Gain a broad understanding of how corporations and the private sector are contributing to a more sustainable future: explore sustainability theory and best practices; how businesses are managing supply chains to improve efficiency and reduce risk; sustainability accounting and reporting practices; and how businesses are helping design, build, and transition to a circular economy.

Takeaways

  • Analyze the costs and benefits of business sustainability choices and how businesses influence change.
  • Compare Corporate Social Responsibility (CSR) and sustainability programs, and design them for employee recruitment and retention, insurance, and risk management.
  • Assess markets and demand for “green” goods and sustainable brands as impacted by global trends in demographics.
  • Assess and manage supply chain risk, and improve efficiency.
  • Analyze how improving resource efficiency and reducing risk scale-up can contribute to more sustainable systems of production and consumption at regional and global scales.
  • Explain how governance by disclosure influences businesses, consumers, investors, governments, NGOs, and other stakeholders.
  • Apply reporting practices for key sustainability concerns such as greenhouse gas emissions, water, and fair labor.
  • Compare and prioritize sustainability accounting, reporting, and compliance platforms and practices in different market sectors and in different countries. 
  • Defend policy, marketing, and production interventions needed to promote a circular economy.

Courses

Business and corporate sustainability theory and best practices for environmental sustainability professionals. Business motivations for sustainability. Corporate social responsibility and sustainability programs and practices. Markets and demand for green goods and sustainable brands. Global trends in markets and demographics. Supply chain management for climate and other sustainability challenges. Sustainable dimensions of investing, reporting, employee recruitment and retention, insurance, and risk management. Circular economy policy and theory.
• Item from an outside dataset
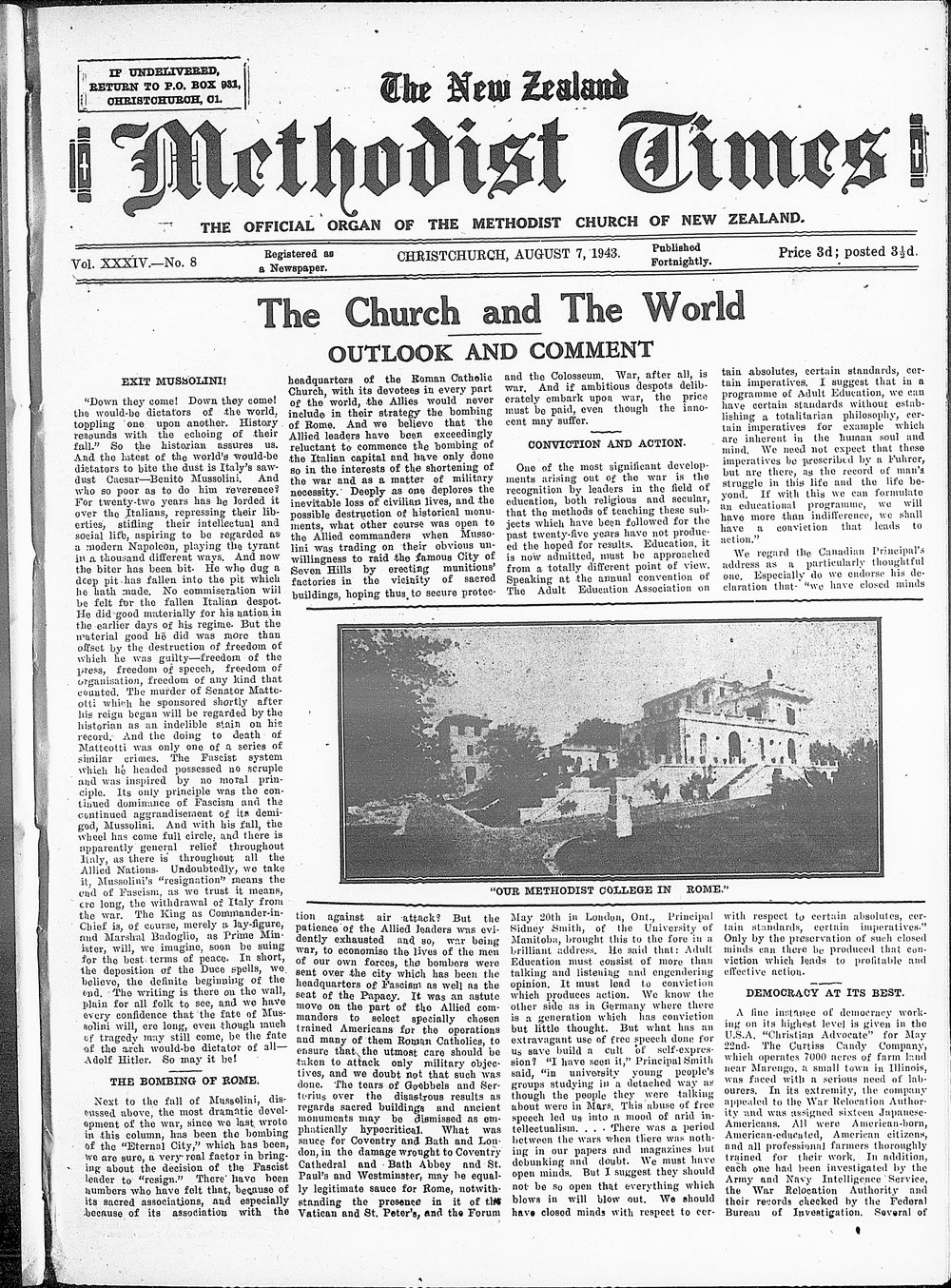 The New Zealand Methodist Times: 7th August 1943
What is a circular economy? It is a vision of an economic system that looks beyond the conventional linear model of take–make– waste to a future that is restorative and regenerative of resources. A circular economy requires decoupling economic activity from the consumption of finite resources in order to eliminate waste, improve efficiencies, and reduce risks. In addition, a circular economy seeks to redefine growth by focusing on building natural, social, and economic capital.

This course offers a comprehensive overview of the accounting, evaluation, compliance, and reporting systems and practices needed by sustainability professionals. Topics include: governance by disclosure through accountability and transparency; climate, water, and human rights; labels, certification, standards, and roundtables; reporting for businesses and government organizations; international and sectoral differences in sustainability reporting platforms and practices.
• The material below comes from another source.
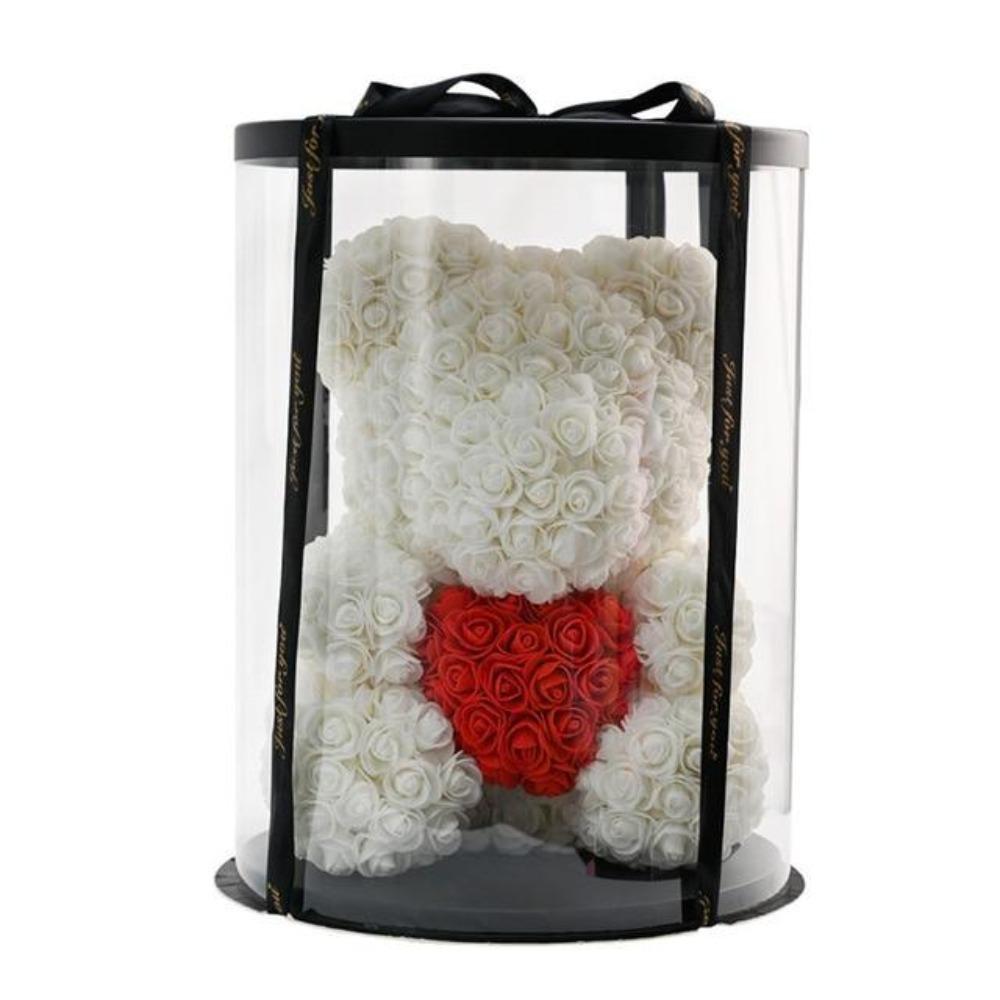 Deluxe Enchanted Forever Rose Teddy Bear Round Gift Box (32 styles) Optional LED Lights or Crown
Around the world, individuals and communities are experimenting with satisfying their needs more sustainably across key lifestyle domains, including food, transportation, housing, consumer goods, and leisure. Likewise, businesses are managing their supply chains to improve resource efficiency and reduce risk. How do these individual initiatives and campaigns scale-up and contribute to more sustainable systems of production and consumption at regional and global scales? Who are the key stakeholders, and what are the strategies they are using to achieve sustainable development goals?